They fund Social Security and Medicare

All individuals with self-employment income must pay self-employment taxes. When business owners reach retirement age, they’ll be able to collect Social Security and Medicare A (hospital insurance) benefits if they paid self-employment taxes for at least 10 years.  You pay self-employment taxes on your net earnings from self-employment, not your entire business income.

Self-employment taxes are not insubstantial

Indeed, many business owners pay more in self-employment taxes than income taxes.  The self-employment tax has two components:
1. a 12.4 percent Social Security tax up to an annual income ceiling adjusted for inflation each year ($147,000 for 2022), and
2. a 2.9 percent Medicare tax on all net earnings from self-employment.

You pay the 12.4 percent Social Security tax on the first $147,000 of net earnings from self-employment. You pay the 2.9 percent Medicare tax on all net earnings from self-employment.

If your net earnings from self-employment are over $200,000 if you’re single, or $250,000 if you’re married filing jointly, you must pay a 0.9 percent additional Medicare tax on net earnings from self-employment over the $200,000 threshold, for a total 3.8 percent Medicare tax.

Excluding the additional Medicare tax that’s levied solely on employees, the self-employment tax rate is the same as the combined Social Security and Medicare payroll tax paid by employees and employers. But with employment, employers pay half of the taxes while withholding the other half from their employees’ wages.

If you earn both W-2 wages and self-employment income, you count your    W 2 first as if you had no self employment income.  If your W-2 wages exceed the annual ceiling, no Social Security taxes are due on any of your self-employment income.  In this case, you pay less in taxes under the ordering rule because it allows you to use all or part of the Social Security wage ceiling with your employee income before applying the formula above.  You report your self-employment taxes on Form SE and pay them along with your income taxes. You must include them in your quarterly estimated taxes.
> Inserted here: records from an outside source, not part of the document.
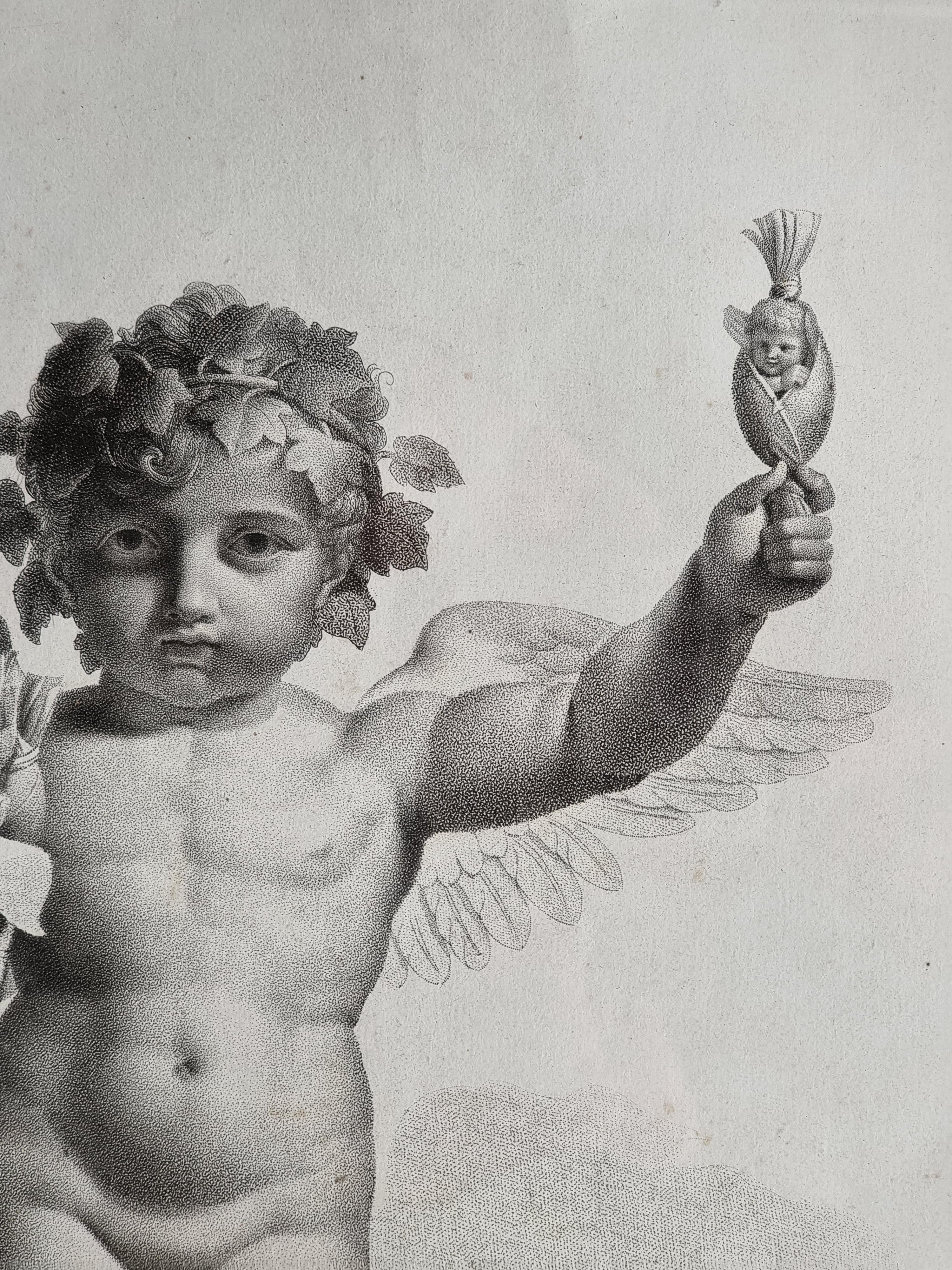 vier französische Drucke, 'Geflügelte Amoretten' Kupferstecher Castel, Verleger Jean - Paris (Klassisch-römisch) im Angebot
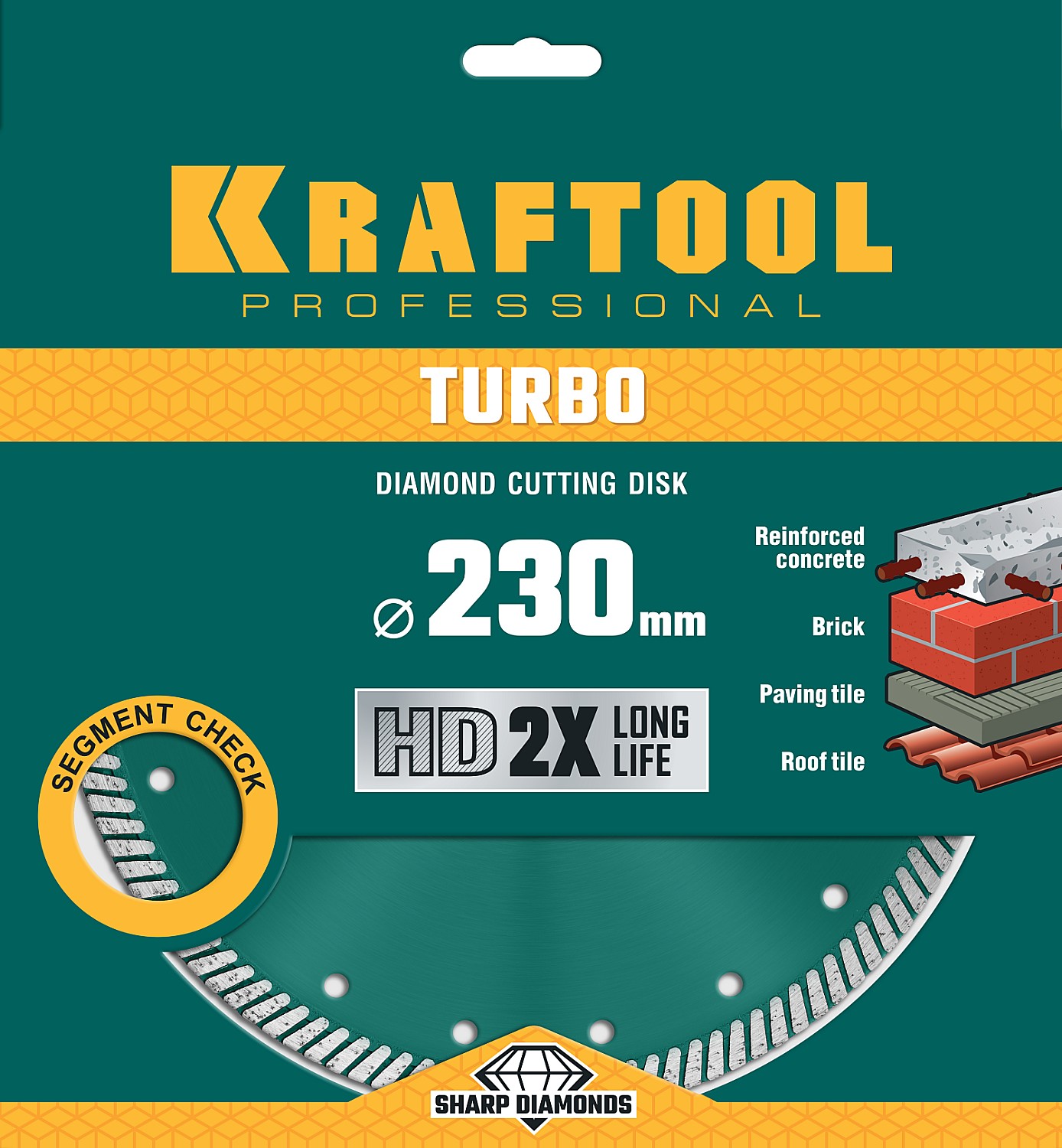 KRAFTOOL Turbo, 230 мм, (22.2 мм, 10 х 2.8 мм), сегментированный алмазный диск (36682-230) — фото 4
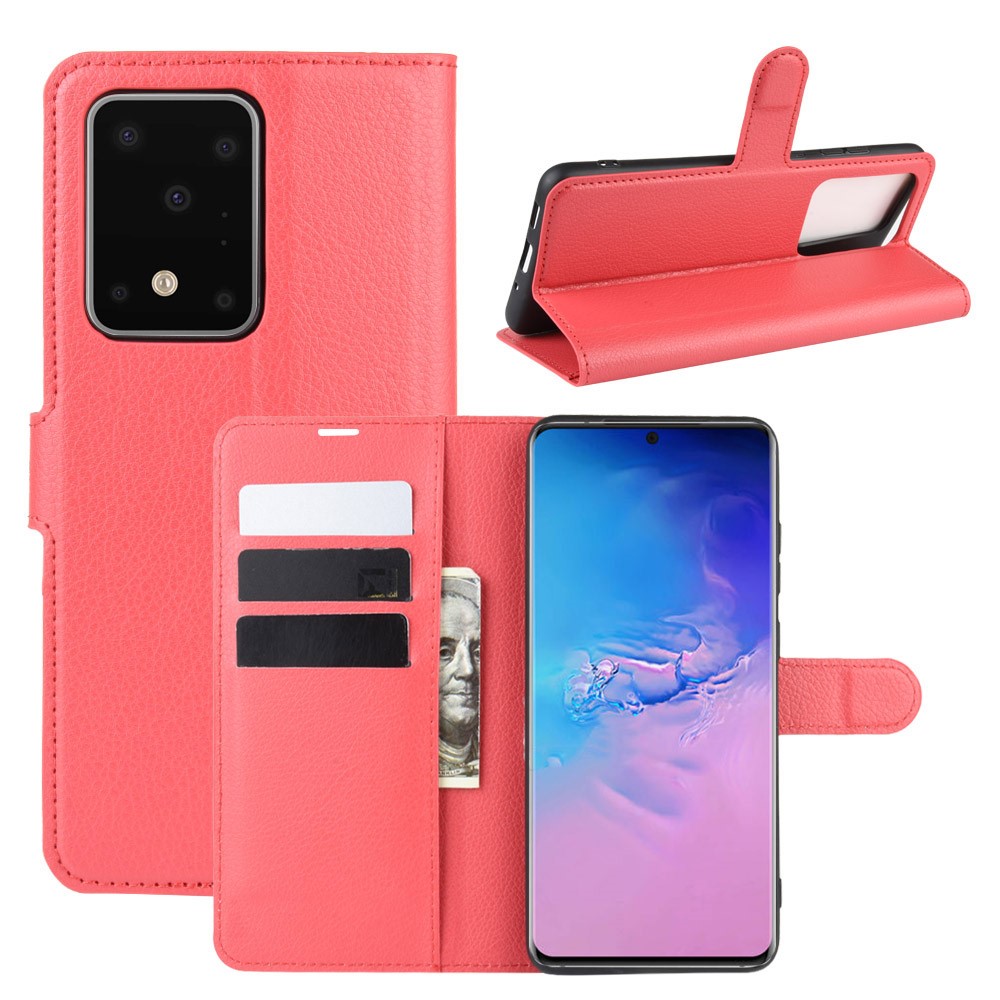 Litchi Skin Wallet Leather Stand Case for Samsung Galaxy S20 Ultra - Red-1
You pay self-employment tax if you earn income on a 1099, operate as a single-member LLC, do business as a sole proprietor, are a general partner in a partnership, are an LLC member in a multi-member LLC, or are a co-owner of any other business entity taxed as a partnership.
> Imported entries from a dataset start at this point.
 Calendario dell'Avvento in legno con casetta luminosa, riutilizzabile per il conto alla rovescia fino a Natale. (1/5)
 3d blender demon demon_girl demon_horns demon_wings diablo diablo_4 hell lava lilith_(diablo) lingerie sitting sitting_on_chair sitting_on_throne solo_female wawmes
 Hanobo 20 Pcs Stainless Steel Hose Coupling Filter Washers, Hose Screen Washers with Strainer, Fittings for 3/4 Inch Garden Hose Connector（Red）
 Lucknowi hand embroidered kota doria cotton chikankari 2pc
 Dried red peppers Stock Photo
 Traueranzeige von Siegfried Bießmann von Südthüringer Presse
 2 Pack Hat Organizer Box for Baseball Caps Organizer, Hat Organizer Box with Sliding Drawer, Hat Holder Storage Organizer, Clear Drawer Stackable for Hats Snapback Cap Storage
You determine if your activity is a business under the same rules you use for deducting business expenses.  The general rule is that a business is an activity you engage in regularly and continuously to earn a profit.  You don’t have to work at a business full-time, but it can’t be a sporadic activity.  You don’t pay self-employment taxes on personal investment income or hobby income. For example, you don’t pay self-employment taxes on profits you earn from selling stock, your home, or an occasional item on eBay.

The self-employment tax is not a progressive tax. It starts immediately—on dollar one, once you have over $433 in Schedule C, E, or F net income from a business.
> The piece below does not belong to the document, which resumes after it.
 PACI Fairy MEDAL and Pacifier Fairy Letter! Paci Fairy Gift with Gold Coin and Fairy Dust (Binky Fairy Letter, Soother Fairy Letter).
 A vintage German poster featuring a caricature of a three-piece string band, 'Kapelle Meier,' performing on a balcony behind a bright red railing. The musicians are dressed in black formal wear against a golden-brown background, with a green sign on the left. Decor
In general, rental income is not considered self-employment income and is not subject to self-employment taxes unless it is received as part of a real estate dealer’s trade or business.10 Rents from personal property leased with
rental real estate, such as kitchen appliances, are also not self-employment income.

Rental income from equipment leasing is subject to self-employment taxes.

Services for tenants can trigger self-employment taxes

The IRS explains this well in Regulation 1.402(a)-4 as follows :Services rendered for occupants. Payments for the use or occupancy of rooms or other space where services are also rendered to the occupant, such as for the use or occupancy of rooms or other quarters in hotels, boarding houses, or apartment houses furnishing hotel services, or in tourist camps or tourist homes, or payments for the use or occupancy of space in parking lots, warehouses, or storage garages, do not constitute rentals from real estate; consequently, such payments are included in determining net earnings from self-employment.  Generally, services are considered rendered to the occupant if they are primarily for his convenience and are other than those usually or customarily rendered in connection with the rental of rooms or other space for occupancy only.  The supplying of maid service, for example, constitutes such service; whereas the furnishing of heat and light, the cleaning of public entrances, exits, stairways and lobbies, the collection of trash, and so forth, are not considered as services rendered to the occupant.  IRS Chief Counsel Advice 202151005 noted that some services may not trigger the self-employment tax, but that advice gives little guidance as to what those services may be.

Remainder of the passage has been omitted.